Please repeat exactly the lines below from the one containing "A home in SAFETY HARBOR" down to the one containing "Wheat Berries, Organic, Hard", both included, and nothing else.

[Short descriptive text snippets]
Content starts
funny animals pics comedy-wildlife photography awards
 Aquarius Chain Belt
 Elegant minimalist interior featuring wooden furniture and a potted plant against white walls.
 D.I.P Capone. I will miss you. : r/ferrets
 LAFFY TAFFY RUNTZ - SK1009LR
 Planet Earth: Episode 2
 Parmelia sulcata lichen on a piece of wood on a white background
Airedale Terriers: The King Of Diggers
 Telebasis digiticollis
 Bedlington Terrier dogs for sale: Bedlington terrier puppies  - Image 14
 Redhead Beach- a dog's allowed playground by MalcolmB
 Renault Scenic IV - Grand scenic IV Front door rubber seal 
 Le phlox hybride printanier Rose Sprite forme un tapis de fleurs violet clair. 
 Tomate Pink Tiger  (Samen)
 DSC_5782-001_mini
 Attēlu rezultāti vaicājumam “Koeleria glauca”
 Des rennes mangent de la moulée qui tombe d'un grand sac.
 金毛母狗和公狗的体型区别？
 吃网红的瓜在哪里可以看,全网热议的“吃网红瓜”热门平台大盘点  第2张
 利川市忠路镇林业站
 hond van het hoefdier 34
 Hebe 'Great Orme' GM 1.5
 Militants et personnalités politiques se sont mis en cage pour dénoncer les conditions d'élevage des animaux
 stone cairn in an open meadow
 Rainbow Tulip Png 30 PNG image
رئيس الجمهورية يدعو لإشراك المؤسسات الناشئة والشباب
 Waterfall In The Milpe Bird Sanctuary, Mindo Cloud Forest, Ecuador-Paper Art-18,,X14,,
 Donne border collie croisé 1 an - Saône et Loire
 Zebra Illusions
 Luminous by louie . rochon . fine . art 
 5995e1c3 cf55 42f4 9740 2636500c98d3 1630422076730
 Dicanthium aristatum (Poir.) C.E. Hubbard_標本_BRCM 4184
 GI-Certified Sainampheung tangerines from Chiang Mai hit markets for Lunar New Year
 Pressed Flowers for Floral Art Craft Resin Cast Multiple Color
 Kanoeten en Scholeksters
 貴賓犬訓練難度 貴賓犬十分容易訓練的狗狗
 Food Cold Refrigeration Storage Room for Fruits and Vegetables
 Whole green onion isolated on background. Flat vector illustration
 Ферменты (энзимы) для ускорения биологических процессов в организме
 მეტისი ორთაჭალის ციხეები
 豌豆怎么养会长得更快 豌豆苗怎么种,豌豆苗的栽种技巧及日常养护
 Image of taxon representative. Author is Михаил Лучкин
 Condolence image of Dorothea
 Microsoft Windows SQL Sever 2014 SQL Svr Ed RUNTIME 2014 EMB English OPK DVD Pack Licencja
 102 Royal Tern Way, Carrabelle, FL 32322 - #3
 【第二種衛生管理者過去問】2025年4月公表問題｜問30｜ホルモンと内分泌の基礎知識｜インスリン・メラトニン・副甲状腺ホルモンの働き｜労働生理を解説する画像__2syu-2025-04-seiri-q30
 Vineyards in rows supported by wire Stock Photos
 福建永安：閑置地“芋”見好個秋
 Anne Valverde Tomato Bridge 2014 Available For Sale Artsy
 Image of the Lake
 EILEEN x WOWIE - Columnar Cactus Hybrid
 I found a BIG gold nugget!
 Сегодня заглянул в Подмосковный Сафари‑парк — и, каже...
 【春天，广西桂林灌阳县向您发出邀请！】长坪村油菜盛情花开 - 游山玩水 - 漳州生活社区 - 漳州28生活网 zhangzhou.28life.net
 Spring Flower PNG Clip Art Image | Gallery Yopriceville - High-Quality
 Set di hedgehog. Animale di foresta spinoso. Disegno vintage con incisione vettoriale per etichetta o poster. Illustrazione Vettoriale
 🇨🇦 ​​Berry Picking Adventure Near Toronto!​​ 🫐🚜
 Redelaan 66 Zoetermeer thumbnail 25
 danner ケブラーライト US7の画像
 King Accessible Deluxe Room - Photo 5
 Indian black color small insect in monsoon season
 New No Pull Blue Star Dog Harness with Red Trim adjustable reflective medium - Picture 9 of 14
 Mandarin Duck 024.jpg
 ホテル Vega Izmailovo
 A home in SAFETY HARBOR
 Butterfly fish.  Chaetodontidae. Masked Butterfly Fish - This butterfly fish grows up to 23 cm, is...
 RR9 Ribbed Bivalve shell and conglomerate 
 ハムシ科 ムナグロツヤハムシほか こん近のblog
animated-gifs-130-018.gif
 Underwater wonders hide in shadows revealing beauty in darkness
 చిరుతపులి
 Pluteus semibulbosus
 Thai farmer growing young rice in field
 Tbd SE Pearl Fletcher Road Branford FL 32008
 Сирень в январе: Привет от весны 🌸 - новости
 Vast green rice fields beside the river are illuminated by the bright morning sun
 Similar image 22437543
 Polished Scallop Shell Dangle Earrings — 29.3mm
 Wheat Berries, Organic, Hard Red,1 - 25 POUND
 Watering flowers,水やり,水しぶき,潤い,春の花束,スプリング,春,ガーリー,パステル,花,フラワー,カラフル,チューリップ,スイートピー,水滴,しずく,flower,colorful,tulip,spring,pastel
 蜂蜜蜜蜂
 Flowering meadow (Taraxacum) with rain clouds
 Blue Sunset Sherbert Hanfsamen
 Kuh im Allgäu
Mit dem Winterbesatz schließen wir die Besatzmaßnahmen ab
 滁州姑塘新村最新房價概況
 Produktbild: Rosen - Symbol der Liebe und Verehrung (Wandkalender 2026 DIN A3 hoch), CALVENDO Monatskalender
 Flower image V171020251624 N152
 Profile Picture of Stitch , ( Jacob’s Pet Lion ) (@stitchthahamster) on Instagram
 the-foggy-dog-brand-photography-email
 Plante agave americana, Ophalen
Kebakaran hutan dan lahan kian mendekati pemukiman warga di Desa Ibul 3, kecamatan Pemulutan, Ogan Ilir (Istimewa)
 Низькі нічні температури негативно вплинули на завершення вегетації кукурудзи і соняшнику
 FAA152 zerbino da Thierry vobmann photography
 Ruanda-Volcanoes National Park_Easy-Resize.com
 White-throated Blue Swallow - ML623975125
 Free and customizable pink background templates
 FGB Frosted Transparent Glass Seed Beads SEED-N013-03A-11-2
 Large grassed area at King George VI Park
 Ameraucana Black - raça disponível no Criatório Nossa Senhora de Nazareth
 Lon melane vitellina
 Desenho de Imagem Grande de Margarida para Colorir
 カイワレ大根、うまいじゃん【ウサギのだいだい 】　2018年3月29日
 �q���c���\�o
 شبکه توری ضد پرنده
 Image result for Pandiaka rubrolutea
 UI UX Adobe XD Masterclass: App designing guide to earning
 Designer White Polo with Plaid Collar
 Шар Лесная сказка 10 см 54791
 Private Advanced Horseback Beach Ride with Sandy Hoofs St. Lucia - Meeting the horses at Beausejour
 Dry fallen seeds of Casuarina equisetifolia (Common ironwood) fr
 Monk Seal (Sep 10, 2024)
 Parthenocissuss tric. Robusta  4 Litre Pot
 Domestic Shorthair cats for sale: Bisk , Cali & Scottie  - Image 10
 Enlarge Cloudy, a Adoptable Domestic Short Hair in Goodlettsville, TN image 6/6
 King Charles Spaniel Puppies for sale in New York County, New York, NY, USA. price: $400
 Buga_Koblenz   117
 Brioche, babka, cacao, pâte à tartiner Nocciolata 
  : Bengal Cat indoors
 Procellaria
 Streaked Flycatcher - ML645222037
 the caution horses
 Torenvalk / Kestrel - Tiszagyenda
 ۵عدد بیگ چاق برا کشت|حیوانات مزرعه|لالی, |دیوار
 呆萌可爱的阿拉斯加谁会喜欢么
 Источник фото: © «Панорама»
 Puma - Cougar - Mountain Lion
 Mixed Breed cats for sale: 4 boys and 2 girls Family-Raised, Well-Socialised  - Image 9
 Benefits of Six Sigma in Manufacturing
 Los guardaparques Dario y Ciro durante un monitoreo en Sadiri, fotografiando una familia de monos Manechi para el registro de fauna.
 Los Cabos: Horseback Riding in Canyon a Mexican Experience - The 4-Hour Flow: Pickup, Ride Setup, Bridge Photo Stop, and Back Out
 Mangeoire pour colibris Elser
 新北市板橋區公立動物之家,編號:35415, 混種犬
Content ends
Reply.
 A home in SAFETY HARBOR
 Butterfly fish.  Chaetodontidae. Masked Butterfly Fish - This butterfly fish grows up to 23 cm, is...
 RR9 Ribbed Bivalve shell and conglomerate 
 ハムシ科 ムナグロツヤハムシほか こん近のblog
animated-gifs-130-018.gif
 Underwater wonders hide in shadows revealing beauty in darkness
 చిరుతపులి
 Pluteus semibulbosus
 Thai farmer growing young rice in field
 Tbd SE Pearl Fletcher Road Branford FL 32008
 Сирень в январе: Привет от весны 🌸 - новости
 Vast green rice fields beside the river are illuminated by the bright morning sun
 Similar image 22437543
 Polished Scallop Shell Dangle Earrings — 29.3mm
 Wheat Berries, Organic, Hard Red,1 - 25 POUND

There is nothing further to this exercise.